Die Erneuerbaren übernehmen zusehends die Rolle der Fossilen, sagt Peter. (Foto: RWE AG/Jörg Mettlach) 
 
Berlin (energate) - BEE-Präsidentin Simone Peter fordert im dritten Teil des energate-Gesprächs einen forcierten Erneuerbaren-Ausbau. Außerdem müssten ihrer Ansicht nach die Ankündigungen der Großen Koalition für den Wärmemarkt dringend mit Maßnahmen unterlegt werden.

energate: Frau Peter, Sie sagen: "Erneuerbaren-Volumen erhöhen und Deckel weg!" Gilt das um jeden Preis?

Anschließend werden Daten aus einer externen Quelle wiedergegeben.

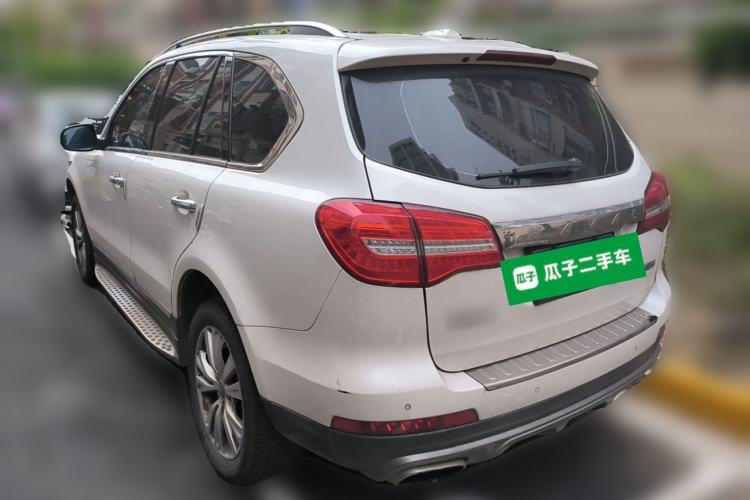 Used Haval H8 2017 2.0T Gasoline Two-Wheel Drive Smart Edition Rear Left 45 Deg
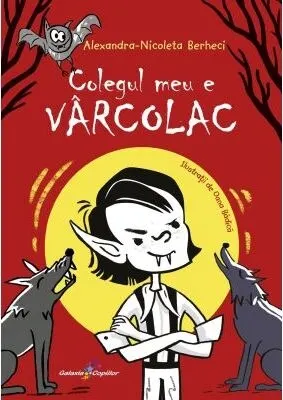 Coperta cărții Colegul meu e vârcolac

Peter: Schauen Sie sich die Lernkurve der erneuerbaren Energien an: Die Kosten sind rapide gesunken, sie sind inzwischen wettbewerbsfähig mit fossil betriebenen Anlagen. Es ergibt weder aus ökonomischen noch aus ökologischen Gründen einen Sinn, dem Ausbau der Erneuerbaren einen künstlichen Deckel zu verpassen. Nötig ist ein Masterplan, der den Ausstieg aus Kohle und Atom mit dem Ziel 100 Prozent Erneuerbare Energien verbindet und dabei Speicherlösungen, Netzertüchtigung und Sektorenkopplung berücksichtigt. Die Investitionen werden nur einmal ausgegeben, und sie sollten sich am Klimaschutz orientieren.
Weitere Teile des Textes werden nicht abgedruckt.